Esse percentual, de 30% de emendas parlamentares, é elevadíssimo. É uma coisa esdrúxula. Basearam-se em quê? É uma distorção gravíssima. Falta transparência, falta fiscalização das emendas, que não são destinadas às reais necessidades de saúde da população. Se tivesse sintonizada com a realidade da situação epidemiológica de cada município... Nós nos preocupamos com cada centavo para a saúde. É preciso de controle social severo sobre esse dinheiro.

Na montagem do segundo governo Lula, o cargo de ministro da Saúde entrou na barganha política com aliados. Qual a sua avaliação?
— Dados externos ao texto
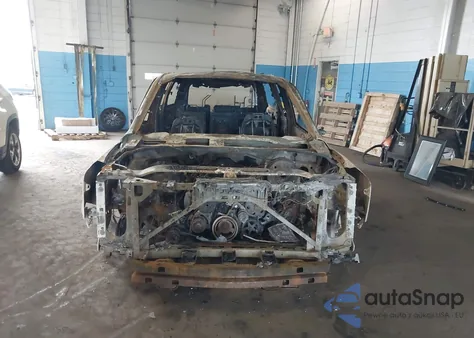 2017 GMC Yukon Xl Slt from USA, damaged, VIN 1GKS2GKC4HR184969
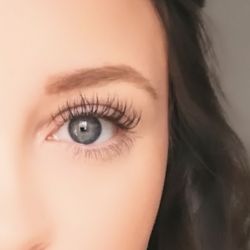 Lash Gypsy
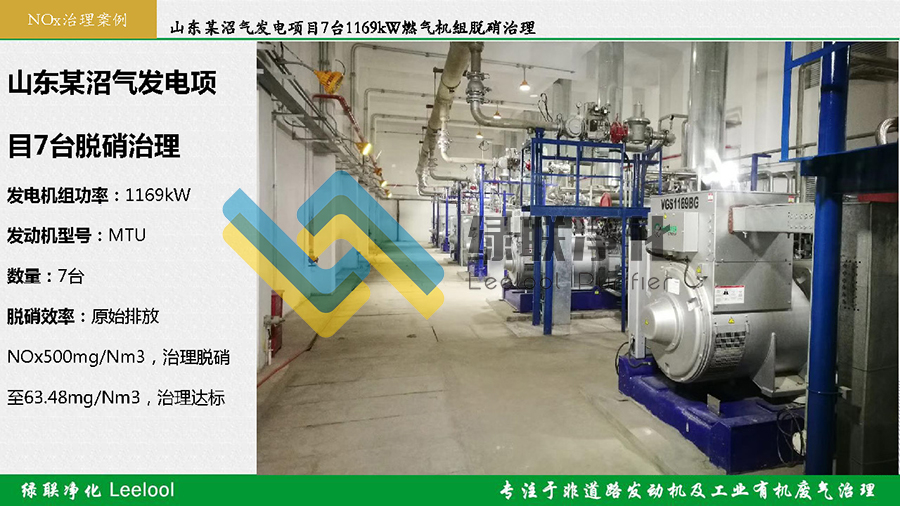 绿联净化Leelool发电机组尾气脱硝治理案例_页面_10 副本.jpg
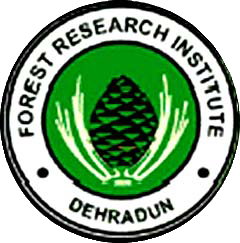 FRI MSc logo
Afirmo de forma clara e contundente que em nenhum governo, seja de que partido for, se deveria utilizar os ministérios fortes na adoção de políticas públicas, como o da Saúde e o da Educação, como moeda política e instrumento de barganha. É um equívoco profundo. É o primeiro passo para a coisa não funcionar corretamente. A regra geral é essa: quando a política pública vira instrumento político, a chance de dar errado é muito grande.

O conselho pode participar da escolha do novo ministro?

Não. O conselho não tem papel nem atribuição para participar de decisões da esfera política. Essa é tarefa do presidente Lula e de sua equipe. Nosso papel é bem claro. É não interferir na política.